Cardiovascular Theme, David Geffen School of Medicine, University of California, 675 Charles E Young Drive South, Los Angeles, California, 90095 CA, USA.
Cardiovasc Res. 2024 Jul 2;120(8):943-953. doi: 10.1093/cvr/cvae075.
Following myocardial infarction (MI), the heart repairs itself via a fibrotic repair response. The degree of fibrosis is determined by the balance between deposition of extracellular matrix (ECM) by activated fibroblasts and breakdown of nascent scar tissue by proteases that are secreted predominantly by inflammatory cells. Excessive proteolytic activity and matrix turnover has been observed in human heart failure, and protease inhibitors in the injured heart regulate matrix breakdown. Serine protease inhibitors (Serpins) represent the largest and the most functionally diverse family of evolutionary conserved protease inhibitors, and levels of the specific Serpin, SerpinA3, have been strongly associated with clinical outcomes in human MI as well as non-ischaemic cardiomyopathies. Yet, the role of Serpins in regulating cardiac remodelling is poorly understood. The aim of this study was to understand the role of Serpins in regulating scar formation after MI.
Using a SerpinA3n conditional knockout mice model, we observed the robust expression of Serpins in the infarcted murine heart and demonstrate that genetic deletion of SerpinA3n (mouse homologue of SerpinA3) leads to increased activity of substrate proteases, poorly compacted matrix, and significantly worse post-infarct cardiac function. Single-cell transcriptomics complemented with histology in SerpinA3n-deficient animals demonstrated increased inflammation, adverse myocyte hypertrophy, and expression of pro-hypertrophic genes. Proteomic analysis of scar tissue demonstrated decreased cross-linking of ECM peptides consistent with increased proteolysis in SerpinA3n-deficient animals.

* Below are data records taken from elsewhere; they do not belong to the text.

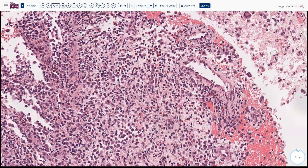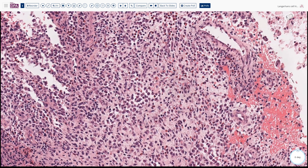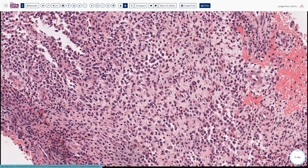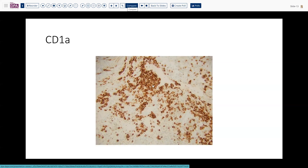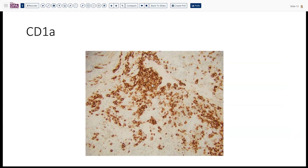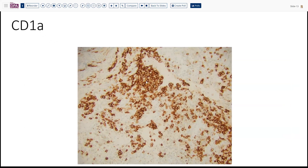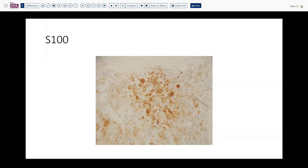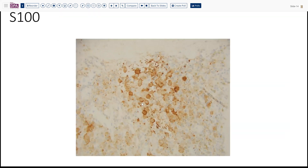The original thinking was that these cells were histiocytes and eosinophils represented a partial response to a granulomatous process. However, we've since recognized this is not truly a granuloma, though these cells do exhibit markers suggestive of histiocytes. They react with CD1A, staining the membranes and cytoplasm, and are generally S100 positive.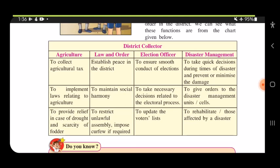For disaster management, the District Collector takes quick decisions during times of disaster to prevent or minimize damage. Since a natural disaster can occur without warning, he must stay alert, give orders to disaster management units and cells, and rehabilitate those affected — for example, relocating people who have lost their homes to a safer place.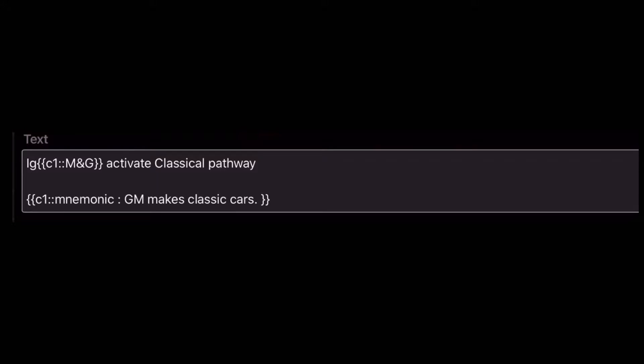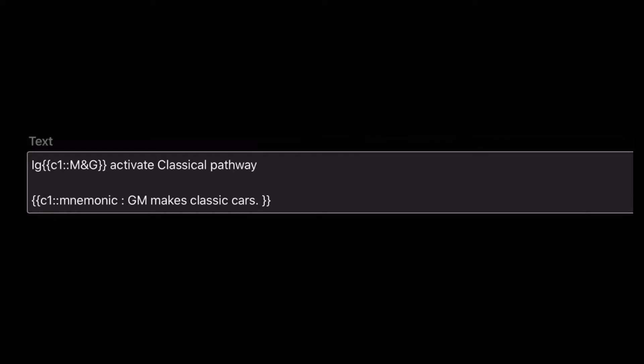Moving to the next mnemonic — shout out to Ranjan sir, an amazing pharmacology faculty at Maro who gave this mnemonic. The question is: what antibodies activate the classical pathway? The answer is IgM and IgG. The mnemonic he gave was 'GM makes classic cars' — 'classic' stands for classical pathway, and GM stands for IgG and IgM. So immunoglobulin M and G activate the classical pathway.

Our study demonstrates a hitherto unappreciated causal role of Serpins in regulating matrix function and post-infarct cardiac remodelling.

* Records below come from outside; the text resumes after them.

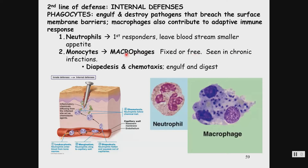Other monocytes are circulating and we see these in chronic infections. They can leave through the capillaries through diapedesis, and then they are called to that area of infection through chemotaxis. So they're going to engulf and ingest pathogens.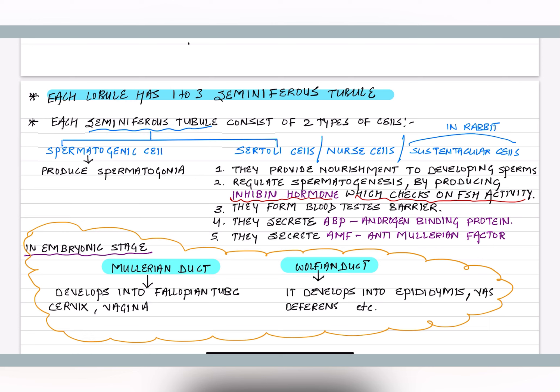FSH plays a role in spermatogenesis through hormonal regulation. Another function of sertoli cells is that they form the blood-testis barrier — similar to the blood-brain barrier. This barrier prevents harmful bacteria, viruses, and other pathogens in the blood from reaching and damaging the testis.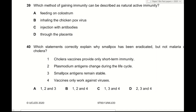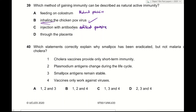Question 39: Which method of gaining immunity is natural active immunity? Option A — feeding on colostrum (breastfeeding) — is natural passive immunity. Option B — inhaling the chickenpox virus — is correct: it is natural active immunity because the antigen is encountered naturally and B cells generate an immune response. Option C — injection with antibodies — is artificial passive immunity because injected antibodies don't generate an immune response; it's antigens that stimulate one. Option D — through the placenta — is natural passive immunity. The correct answer is B.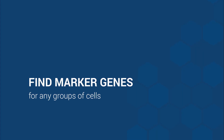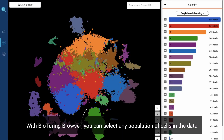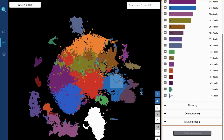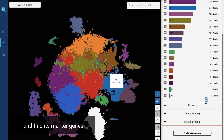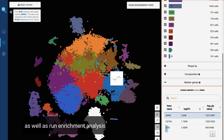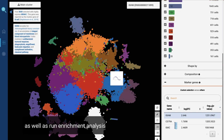Find marker genes and run enrichment analysis. With BioTuring Browser, you can select any population of cells in the data and find its marker genes, as well as run enrichment analysis.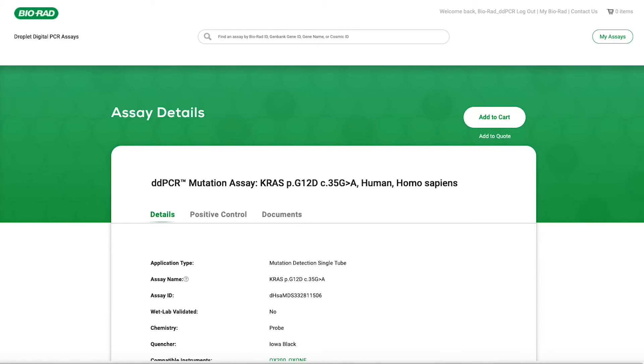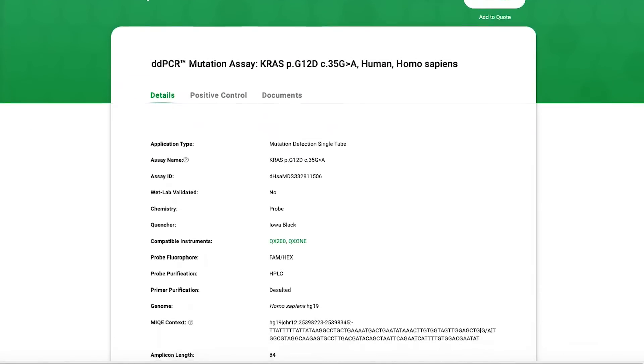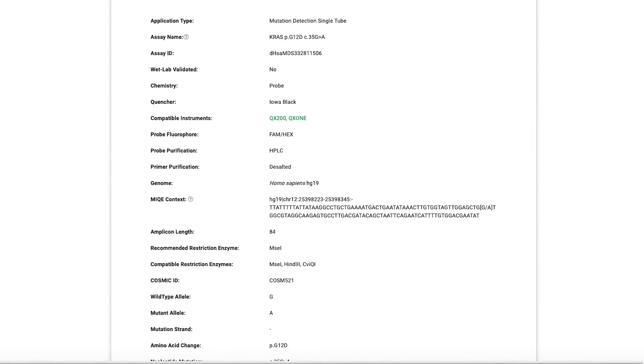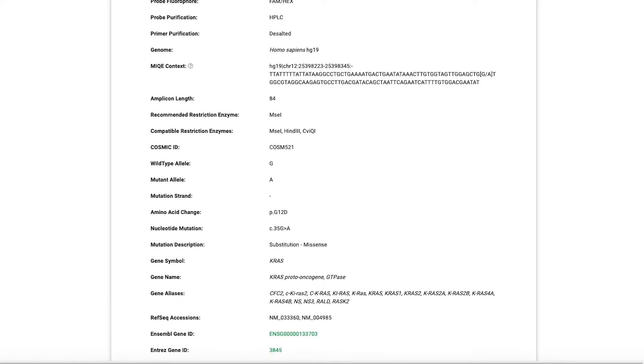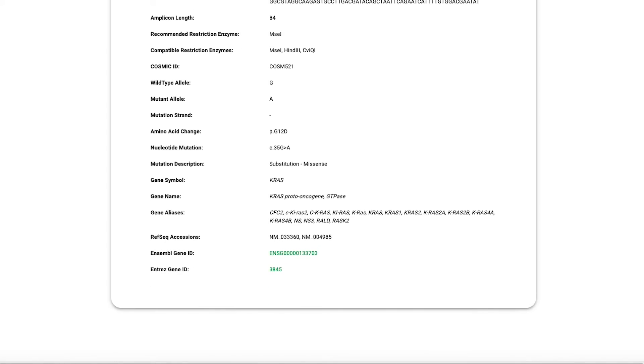The design engine considers GC content, primer melting temperature, primer placement, probe length, and genome specificity when designing an assay for you.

心肌梗死后(MI),心脏通过纤维化修复反应进行自我修复。纤维化的程度取决于激活的成纤维细胞沉积细胞外基质(ECM)的程度和蛋白酶分解新生瘢痕组织的程度,这些蛋白酶主要由炎症细胞分泌。在人类心力衰竭中观察到过度的蛋白水解活性和基质转化,受伤心脏中的蛋白酶抑制剂可调节基质分解。丝氨酸蛋白酶抑制剂(Serpins)是进化上保守的最大和功能最多样化的蛋白酶抑制剂家族,特定 Serpin,SerpinA3 的水平与人 MI 以及非缺血性心肌病的临床结局密切相关。然而,Serpins 在调节心脏重塑中的作用仍知之甚少。本研究旨在了解 Serpins 在调节 MI 后瘢痕形成中的作用。

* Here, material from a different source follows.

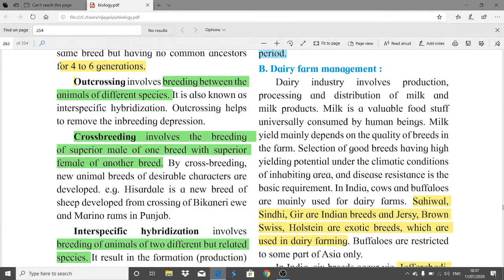Students, we have started the Enhancement of Food Production lesson. This is Part 5, the fifth lecture of this lesson. Up till now we have studied important introductory parts, bio-fortification methods, single cell protein, tissue culture stages, callous culture formation, and all breeding techniques. Today we are going to discuss dairy farm management.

使用 SerpinA3n 条件性敲除小鼠模型,我们观察到 Serpins 在梗死的鼠心中强烈表达,并证明 SerpinA3n(SerpinA3 的小鼠同源物)的基因缺失导致底物蛋白酶活性增加、基质疏松、梗死后心脏功能显著恶化。SerpinA3n 缺陷型动物的单细胞转录组学与组织学补充表明炎症增加、心肌不良肥大和促肥大基因表达增加。瘢痕组织的蛋白质组学分析表明 ECM 肽的交联减少,与 SerpinA3n 缺陷型动物中增加的蛋白水解作用一致。
我们的研究表明 Serpins 在调节基质功能和梗死后心脏重塑方面具有以前未被认识到的因果作用。